Keep that in mind, because we’ll be coming back to it. For now, let’s talk about the shit storm broiling over the pre-release material for the next Tomb Raider game, in which the protagonist, Lara Croft, is retconned as a survivor of sexual and physical assault. This experience apparently made her the hypersexualised, mindlessly violent killing machine – sorry, “strong woman” – we know today. 

This is a story, like so many epics, about being, and about becoming. What’s made pay dirt so far for the small horde of pop-gender-crit writers commenting on the topic is the question: why does Lara Croft, like so many female heroes, need to be re-imagined an assault survivor in order to be a strong character? The equivalent tempering experience for male heroes is normally violence done to family members, often female family members – parents, sisters, wives and girlfriends. Rape and sexual assault, however, are the default traumatic-but-ultimately-salutory past experiences grafted on to fictional women when male creatives can’t think of anything else to do with them. 

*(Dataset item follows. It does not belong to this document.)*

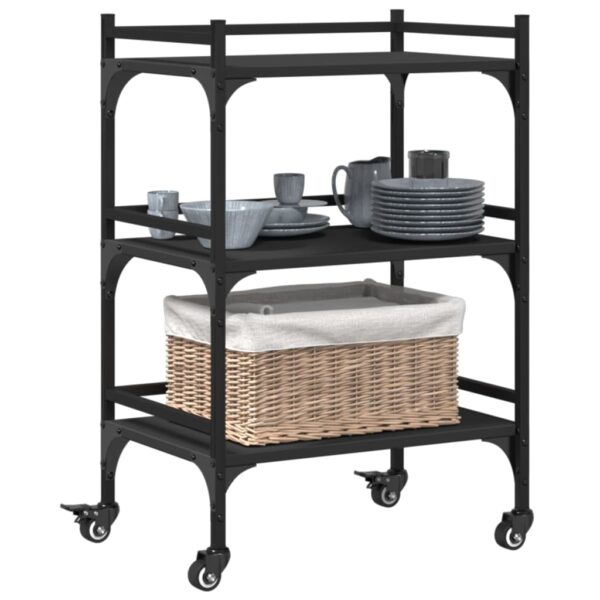 vidaXL Kitchen Trolley Black 19.7"x13.8"x29.7" Engineered Wood - Image 6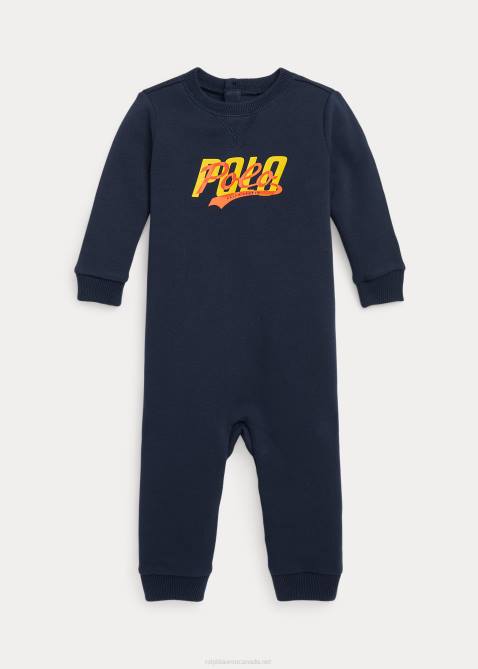 Baby Ralph Lauren Logo Fleece Coverall 4DJ28172 Cruise Navy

It’s almost as if sexual assault were understood as an immutable part of human culture, painful but inevitable, rather like a young man’s first experience of heartbreak – unfortunate but ultimately benign and probably a learning experience for everyone. What makes a woman develop as a person? Sexual violence, of course! What makes her a believable, empathetic character? Rape! Women can’t just be born tough and cocksure – that has to be fucked and beaten into them, female violence as a response to and reflection of male violence. 

Rape as a personality implant

In the real world, of course, sexual assault does happen to a great many women but it’s rarely a personally enriching experience. It just hurts. It hurts physically, it hurts emotionally, it causes damage that can last lifetimes in the most quotidian of ways. It adds another difficulty level to doing everyday things like leaving the house. If rape did make women into action heroes, there would be a lot more gun-slinging tomb raiders running around the place in micro-shorts.

This is what happens when women are imagined from the outside, in – a creative process of which Lara Croft is perhaps the modern archetype. At the game’s inception 16 years ago, she was not so much two-dimensional as very specifically and enticingly three-dimensional – little more than a pair of pixellated mammaries implausibly failing to ripple during firearm recoil – but as the franchise expanded, Lara Croft received personality implants. Which brings us to today, when it’s all too easy to imagine a conference-table full of producers upon whose gender I do not wish to speculate getting together and deciding that what will make this chick interesting is having her sexually assaulted.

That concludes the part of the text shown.